AlvisNLP

corpus processing engine

How to write a plan

The basics

The plan file is an XML file that specifies the sequence of modules and their parameters.

The top-level tag of a plan file is alvisnlp-plan:

<alvisnlp-plan id="foo">
...
</alvisnlp>

The id attribute is mandatory, its value is the identifier of the plan. Make sure to fill a value that has some meaning for you.

Then, the alvisnlp-plan contains several module tags:

<alvisnlp-plan id="foo">
<read class="TextFileReader">
...
</read>

<words class="WoSMig">
...
</words>

...
</alvisnlp>

Each tag specifies an AlvisNLP module that will process the corpus.

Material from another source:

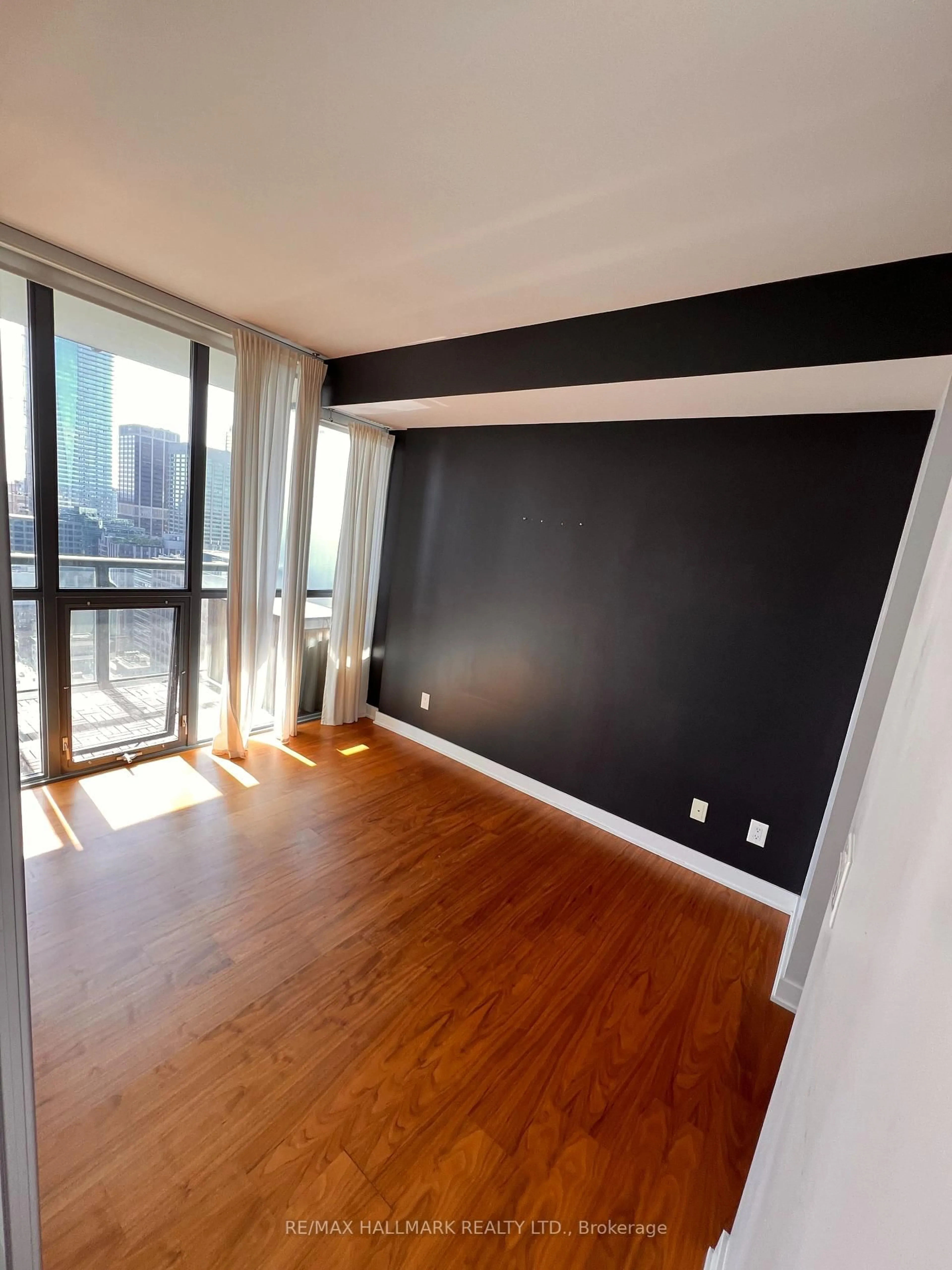 A pic of a room for 110 Charles St #3105, Toronto Ontario M4Y 1T5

The class attribute is mandatory, it specifies the class of the module, that is what it does on the corpus. The value must be a supported module class.

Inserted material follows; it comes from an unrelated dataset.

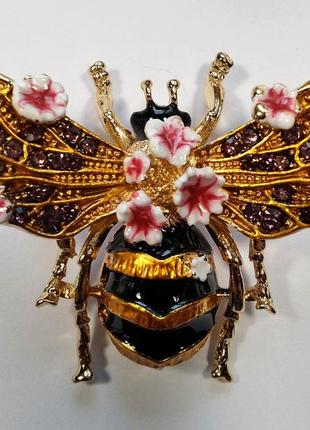 Женская брошь пчелка с цветами, стразами и эмалью 4х6см3 фото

Finally, each module tag contains tags that specify the parameter values for the module:

<alvisnlp-plan id="foo">
<read class="TextFileReader">
<sourcePath>...</sourcePath>
<sectionName>contents</sectionName>
</read>

<words class="WoSMig"/>

...
</alvisnlp>

In this example, we set two parameters in the module read: sourcePath and sectionName, and no parameter in words. The module class documentation should specify which parameters are supported, which are mandatory and what are the default values.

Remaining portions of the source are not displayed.